のきばトーク第19回のテーマは「タスク管理と効率化」でした。
で、放送を終えてからもずっと「効率化」について考えていました。
自分にとって効率化とは何だろうか、と。
突き詰められない効率化
純粋に考えて、何かを効率化することは嫌いではありません。処理の自動化スクリプトを書いたりもしますし、万年筆ではなく、テキストエディタで文章を書いているのも、方向性的には効率化ではあるでしょう。
しかしながら、それを真摯に追求しているかというと、微妙なのです。
たとえば、日本語変換ソフトにはATOKを使っていますが、だからといってスペニットソフトは使っていないのです。
たとえば、メルマガには全体のテンプレートがありますが、個々の連載にはそれがありません。
「効率化」という視点に立てば、これは不合理なことです。賢い日本語変換ソフトを使ってキーボード入力の時間短縮を図るなら、スペニットソフトでさらなる時間短縮を求めるべきでしょう。メルマガ作成にかかる時間を、テンプレートによって短縮するならば、いっそそれぞれの記事もテンプレート的に処理できた方がスマートなはずです。
しかし、私はそれを求めていません。これではとても「効率化している」とは言えないでしょう。
効率の計算式
「効率化」という言葉を聞くと、「単位時間当たりの産出物を増やす」というイメージが出てきます。同じ時間を使いながら、より多くの成果物を生み出せるようになれば、それは効率化できたと言えるでしょう。
つまり、その計量には割り算が伴います。成果物の量を単位時間で割ってスケールを整え、その上で「効率化できているかどうか」を測定するわけです。
私はどうも、この考え方に違和感があるようです。第一に、そこには質がまったく考慮されていないところ。第二に、成果物が増えたとしてどうなるのかの視点も欠けているところ。この二つです。
たとえどのようなものであれ、増えたら増えた分だけのメリットが返ってくるならば、「効率化戦略」は概ね正しいでしょう。しかし、現実を考えればそれはあまりにも単純すぎる考え方です。
効率化の基準
もう一つ、「効率化」を追求していくと、最終的に出てくるのは「無駄を無くす」という考え方です。無駄なものがあれば、効率を阻害するのですから、これは当然の帰結でしょう。

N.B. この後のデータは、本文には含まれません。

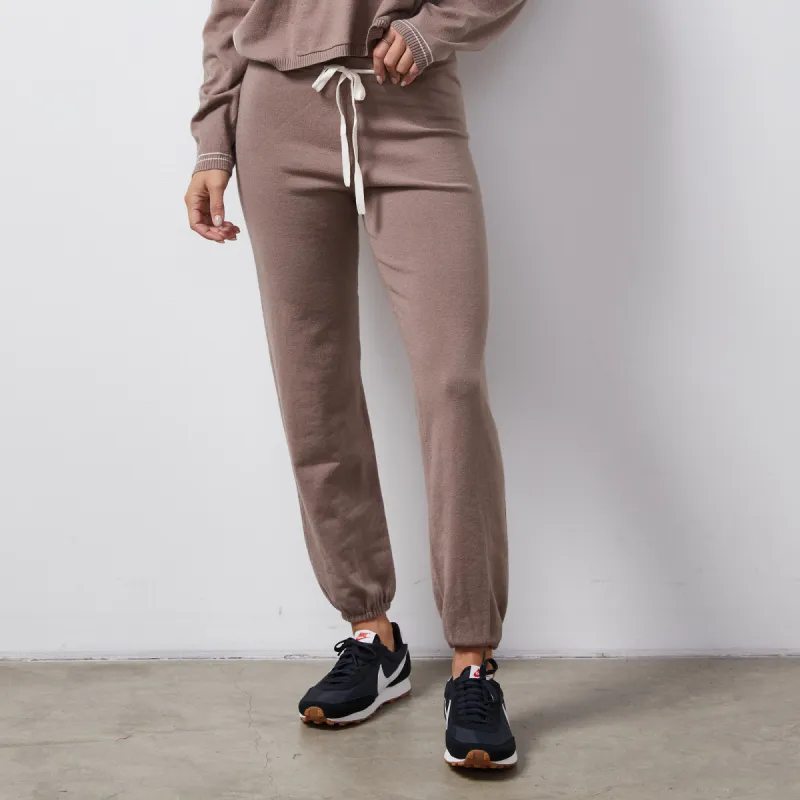 Light Soft Knit Contrast Stitch Vintage Sweat sold by Monrow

でも、無駄って何でしょうか。いや、そういう哲学的な問いではなく、無駄を測るための基準は何なのか、という実際的な問いです。少なくとも、これがあやふやであれば効率化の追求は頓挫します。よって、どこかでそれを定めることになるわけですが、それって本当に正しいのか、という疑問がついて回ります。だって、人間の認識なんて偏りだらけなのですから。
この、「効率化の追求→無駄を無くす」という一連の手続き的な流れに、私は危うさを感じています。それは多様性をそぎ落とし、リスクに対するショックアブゾーバーを削り取る行為です。そして、その認識の裏側には、人生や仕事をあたかも完璧にコントロールしうるものだと捉えてしまう幻想が潜んでいます。これが一番危ういのです。

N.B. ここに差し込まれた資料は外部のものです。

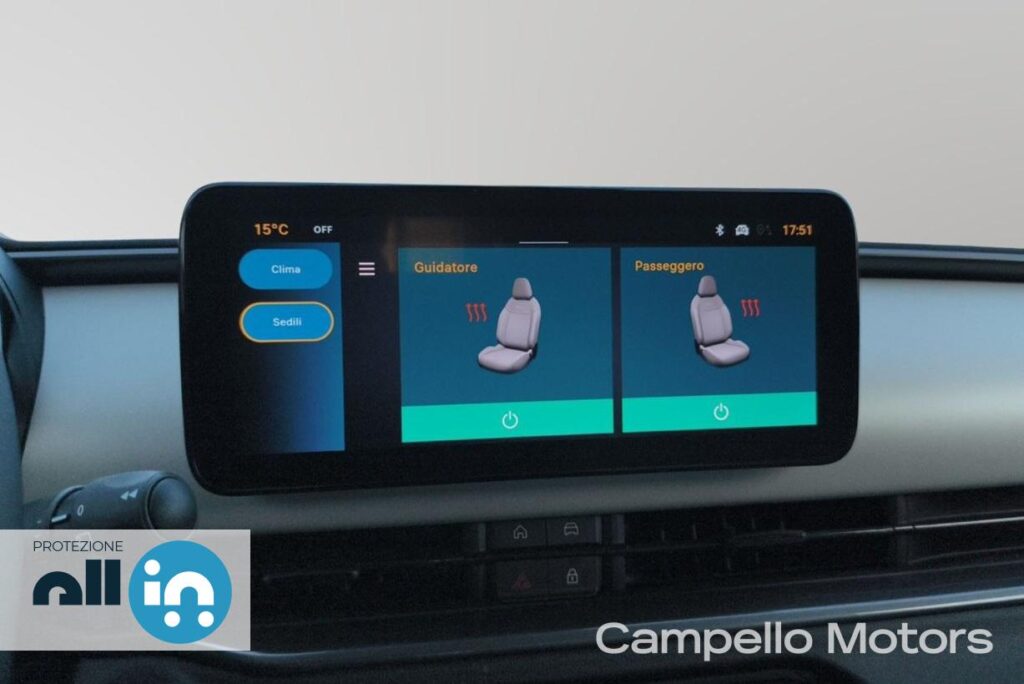 FIAT 600 1.2 Hybrid 100cv La Prima MY25 Km 0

しかしながら、この流れはある意味で必然的な帰結です。
どういうことかというと、「効率化の追求」の過程すら「効率化」してしまうからこういうことになるのです。「効率化するための過程」すら「効率化」すれば、出てくるのはただただ単純な、線形で脆さを含む結果しかありません。

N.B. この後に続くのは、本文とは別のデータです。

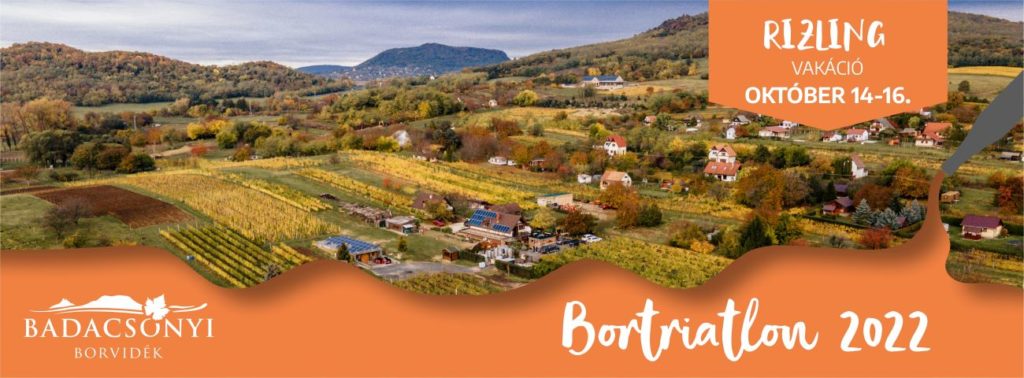 Bortriatlon – Rizling vakáció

おそらく、このメタ的な適用は、「効率化」に限らず、危ういものを生み出してしまう行為なのでしょう。
さいご
ということを考えてみると、自分が志しているのは「最適化」だということに気がつきました。自分の時間や認知資源の使い方を最適化する。それが、私が目指しているところです。結果的に、それが「効率」につながることはありますが、それはおまけみたいなものです。
でもって、私はどうでもいいことについては、「最適化」の考えを適用しません。何の生産性もないゲームにお金を使いますし、こうしてほとんど儲からないブログに毎日1時間も「浪費」しています。でも、それはそれとして仕事もしていますし、それなりの精神的バランスを持って毎日を送れています。
つまり、最適化しないことがあることもまた一つの最適化の在り方なのでしょう。はたして、これはメタ的なのかどうかは難しい問題ですが。